On June 15, 2022, the Federal Reserve increased interest rates by 0.75 percentage points, the third increase of the year and the most since 1994. The action aims to slow down the fastest rate of inflation in more than 40 years.
Wall Street had anticipated a half-point rise, but the Fed’s decision to act more forcefully was motivated by the most recent consumer price report, which was released on June 10. The main danger, however, is that rising rates will cause the economy to enter a recession. This concern has been amply reflected by the recent decline in the S&P 500 stock index, which is now in a “bear market” after falling more than 20% from its peak in January.
What does all of this mean? Keep reading to understand what the Fed is attempting to accomplish, whether it will be successful, and what it means for you. If you are wondering if now is the time to talk to a bankruptcy attorney, contact Law Offices of Terrence Fantauzzi at (909) 552-1238 to learn more.

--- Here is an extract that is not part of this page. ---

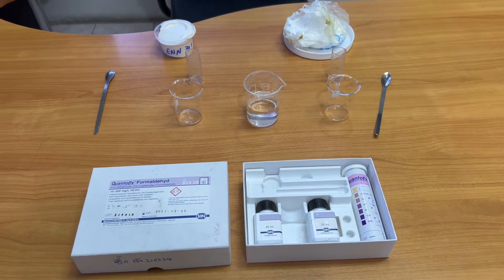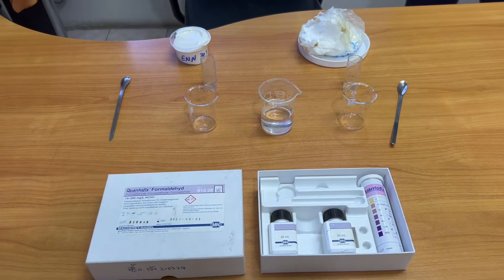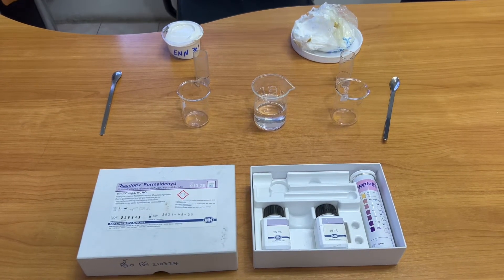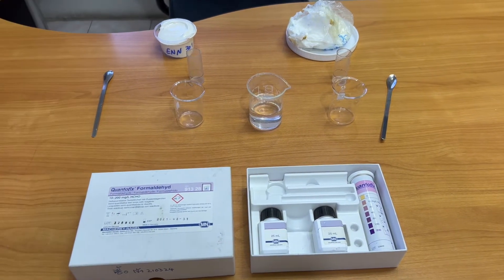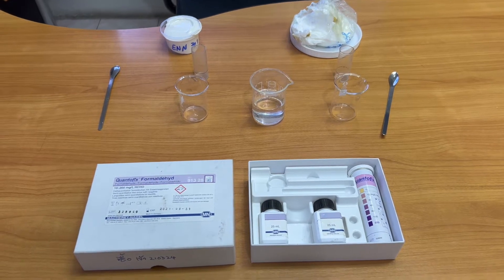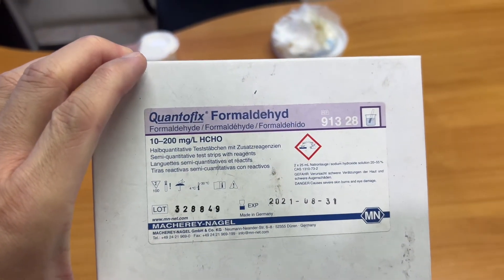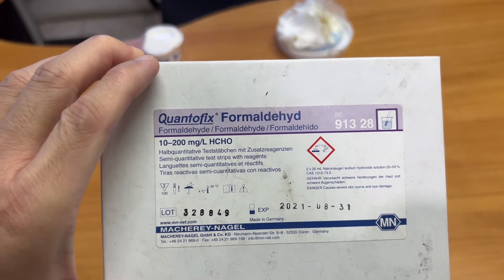Right now we are going to test the formaldehyde content with two samples. On the right side is the sample that came from you, and on the left side is our rubber clear sample ENM301. We are going to use this QuantoFix formaldehyde test kit to test these two products.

How and why is the Fed doing what they are doing?
In order to combat inflation, the Federal Open Market Committee, the Fed’s policy-making body, had been debating how much and how rapidly to raise its benchmark interest rate in the coming months. The stakes are extremely high for the American economy, consumers, and businesses.
Only a week prior, the Fed’s most recent meeting was predicted to result in a 0.5 percentage point rate increase. However, as the May consumer price data revealed that inflation has been unusually persistent, markets and Wall Street economists started to anticipate the higher 0.75-point hike. Even one percentage point of an increase, according to some Wall Street analysts, was possible.

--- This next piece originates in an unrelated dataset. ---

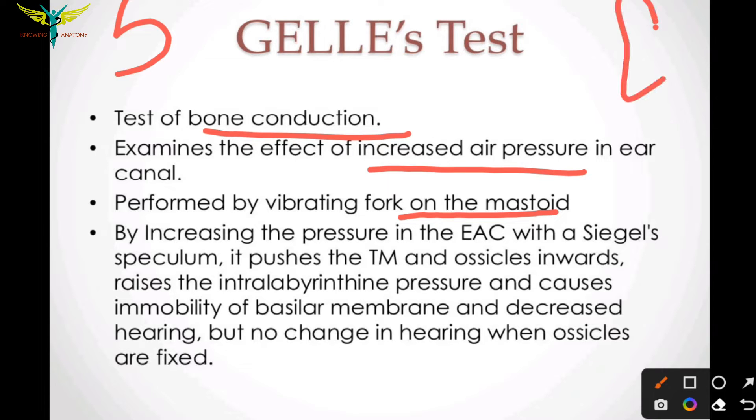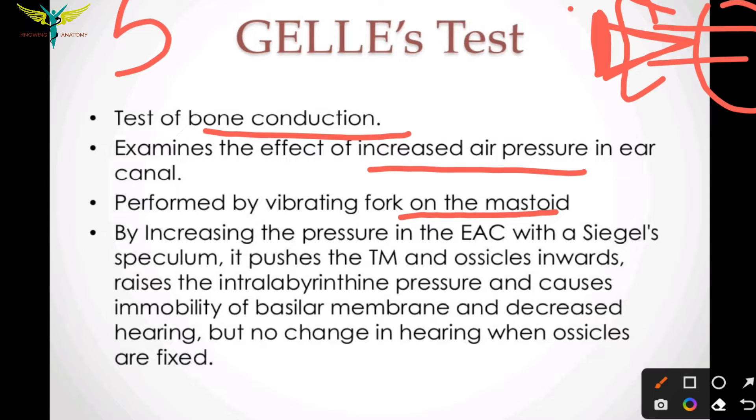The pressure in the ear canal is increased by using a Siegle's speculum. This triangular structure here is the Siegle's speculum. Here in the external canal the pressure is increased, and the tuning fork is placed on the mastoid process.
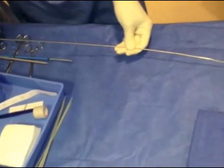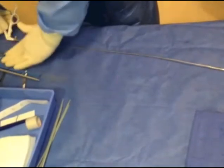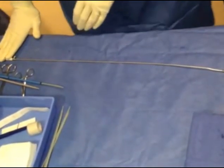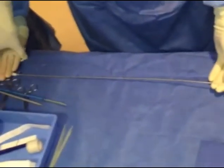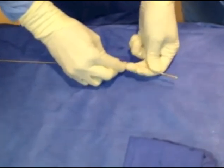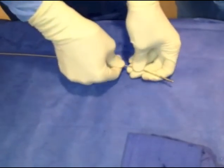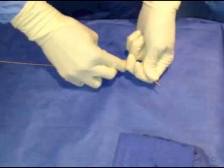The forceps arrive from the manufacturer straight and must be bent in order to allow manipulation and access to the tip of the filter. An assistant should hold the handle of the forceps while the tip is bent in roughly the same configuration as the access needle used for a TIPS. After this manipulation, the forceps should be checked to ensure that the jaw works properly.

Since the June 10 announcement, financial markets have fallen by more than 6% on the expectation of a faster pace of rate increases owing to inflation. Investors are concerned that the Fed may over slow the economy in its fight against inflation, which if unchecked also creates major issues for customers and businesses. According to a recent poll, Americans believe that inflation is the top issue the United States is now facing.
What goals is the Fed pursuing?
The Federal Reserve’s dual duty is to maintain price stability and increase employment. Policymakers frequently have to choose between the two. When the economy is sluggish, inflation often remains low, allowing the Fed to concentrate on maintaining interest rates low to encourage investment and increase employment. Because unemployment is often fairly low in an expanding economy, the Fed can concentrate on keeping inflation under control.

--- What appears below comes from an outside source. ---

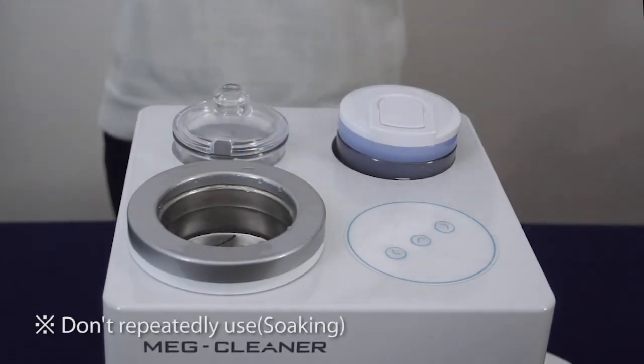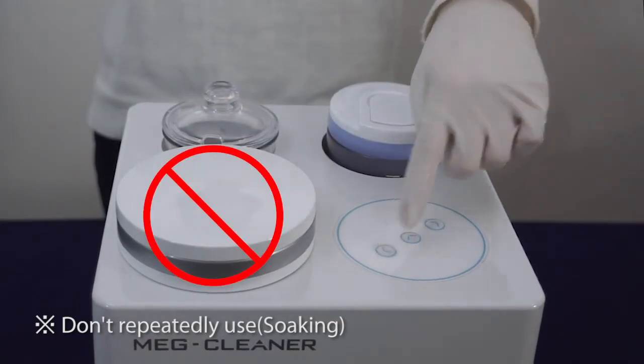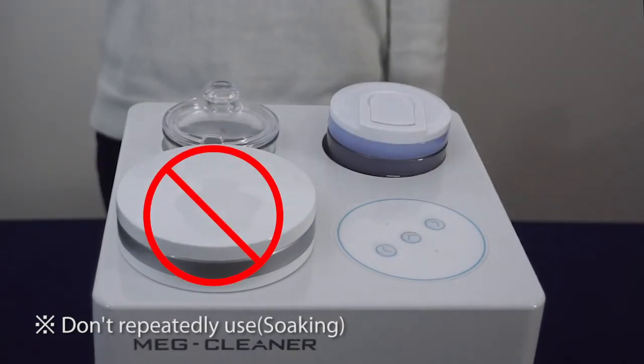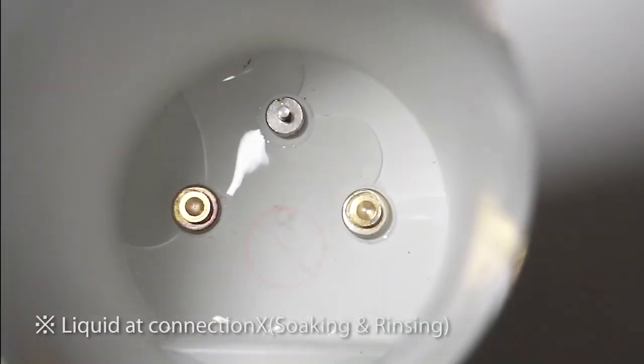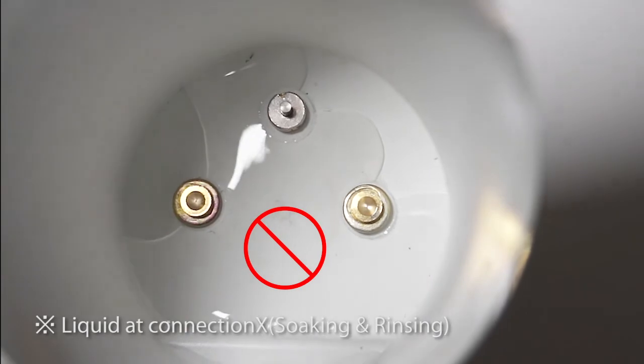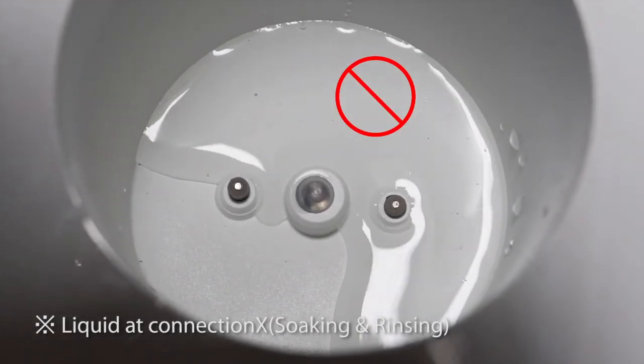The cleaner can be damaged if ultrasonic cleaning is done repeatedly. Please let it rest for at least 25 minutes before the next usage. Please turn off and remove moisture on the unit with a dry cloth, especially the contact point between the jar and main body.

The Fed does this through setting short-term interest rates, which then allow it to have an impact on long-term rates. For instance, when the Fed increases its target short-term rate, banks must pay more to borrow money, and the increased costs are then passed on to individuals and companies in the form of higher interest rates on long-term loans for homes and cars.
Currently, the economy is doing fairly well
Because of this, the Fed can concentrate on bringing down inflation. The issue is that inflation is currently running at an annualized rate of 8.6 percent, which is so high that lowering it may need the highest interest rates in decades, which might significantly harm the economy. The Fed is therefore attempting to implement a ‘soft landing’.
What is a “soft landing,” and how likely is one?
A “soft landing” is the Fed’s strategy for slowing inflation and, by extension, economic growth, without triggering a downturn.
The Fed anticipates raising interest rates relatively quickly in the upcoming months in order to stabilize prices without negatively impacting employment. With the most recent rate increase, the Fed’s benchmark interest rate now ranges from 1.5 percent to 1.75 percent, up 1.5 percentage points from this time last year.